By Marcella Peyre-Ferry

For 21st Century Media

PENN – After 10 years, for better or worse, the Sunnyside Road Bridge has reopened. Ambulance, rescue and fire trucks from the West Grove Fire Department were the first to make the crossing after the official ribbon cutting for the new bridge on June 5.

The original timber bridge, measuring 14 feet 8 inches wide and 55 feet long, was built in 1850 to cross over the railroad line. It was rehabilitated in 1984, but with time it continued to deteriorate. It was closed in 2003 when it failed a routine inspection.

After a PUC decision in 2006 the township agreed to design and build a replacement bridge, and with the East Penn Railway, Inc, removed the remaining pieces of the old bridge the following year. Design changes, funding issues and other obstacles kept the bridge closed until bids were let on June 5 of 2012. Road-Con, Inc., of West Chester was the low bidder at $867,265.30

With the addition of design costs and oversight expenses the total cost to replace the old wooden bridge with a 56-foot concrete bridge comes to $1,141,901.23. Penn Township is paying that full bill, but will be reimbursed for 80 percent of the costs by PennDOT once the project is 100 percent complete.

County Commissioner Ryan Costello was at the ribbon cutting. He let the supervisors know that the commissioners will help if needed in getting the reimbursement. “We’re very grateful the project got done. It’s a very expensive capital project, but you got it done on time and on budget,” he said.

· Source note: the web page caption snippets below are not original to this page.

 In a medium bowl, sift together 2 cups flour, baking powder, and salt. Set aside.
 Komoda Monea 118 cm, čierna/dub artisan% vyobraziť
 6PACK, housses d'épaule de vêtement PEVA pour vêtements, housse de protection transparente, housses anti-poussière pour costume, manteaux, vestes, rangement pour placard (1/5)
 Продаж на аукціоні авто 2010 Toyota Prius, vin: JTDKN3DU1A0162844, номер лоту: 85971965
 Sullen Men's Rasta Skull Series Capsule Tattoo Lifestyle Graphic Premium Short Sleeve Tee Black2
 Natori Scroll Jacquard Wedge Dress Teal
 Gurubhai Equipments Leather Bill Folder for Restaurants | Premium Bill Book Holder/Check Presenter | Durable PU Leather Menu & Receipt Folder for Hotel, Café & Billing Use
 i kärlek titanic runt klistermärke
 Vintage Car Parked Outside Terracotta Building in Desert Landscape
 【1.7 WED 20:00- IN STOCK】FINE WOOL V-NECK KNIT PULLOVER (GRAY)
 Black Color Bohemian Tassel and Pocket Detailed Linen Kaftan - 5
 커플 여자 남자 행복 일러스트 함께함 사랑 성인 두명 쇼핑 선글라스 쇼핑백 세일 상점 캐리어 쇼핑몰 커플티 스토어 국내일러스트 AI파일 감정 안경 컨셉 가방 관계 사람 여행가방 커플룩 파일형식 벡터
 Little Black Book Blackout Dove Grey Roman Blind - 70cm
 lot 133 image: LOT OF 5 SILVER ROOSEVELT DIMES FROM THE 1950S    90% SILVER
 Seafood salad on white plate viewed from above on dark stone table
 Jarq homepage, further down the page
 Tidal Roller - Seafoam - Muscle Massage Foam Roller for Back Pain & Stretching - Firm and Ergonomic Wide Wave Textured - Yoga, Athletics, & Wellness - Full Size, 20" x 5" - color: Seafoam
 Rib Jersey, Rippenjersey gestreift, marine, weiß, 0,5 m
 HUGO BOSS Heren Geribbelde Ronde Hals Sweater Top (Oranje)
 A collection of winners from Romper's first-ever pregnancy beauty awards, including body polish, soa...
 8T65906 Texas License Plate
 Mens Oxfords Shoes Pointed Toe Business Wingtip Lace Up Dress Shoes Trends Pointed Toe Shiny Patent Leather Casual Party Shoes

Some traffic had already discovered that the bridge was completed several days before the opening ceremony, and according to neighbors, speeding is already a problem on what had become a dead end road while the bridge was out.

At this point, residents have concerns that with the new bridge and the return of through traffic they would have really rather seen it remain closed. “Traffic has been flying up and down the road,” neighbor Tricia Coyle said. “The bridge has been closed for so many years that we have a lot of children who are not used to having to deal with traffic. We had a lot of concerns. We kind of liked having a dead end road.”

Township supervisors knew that speeding would be an issue on the road even though the posted speed limit is just 25 miles an hour. The road is scheduled for repaving this summer, and at that time two Seminole County speed humps will be installed on the approach to each side of the bridge to slow traffic.

“They are not bumps, they are lifts. If you are doing the speed limit, you’ll barely notice them. If you’re speeding, you’ll tear the bottom out of your car,” Supervisor Victor Mantegna said.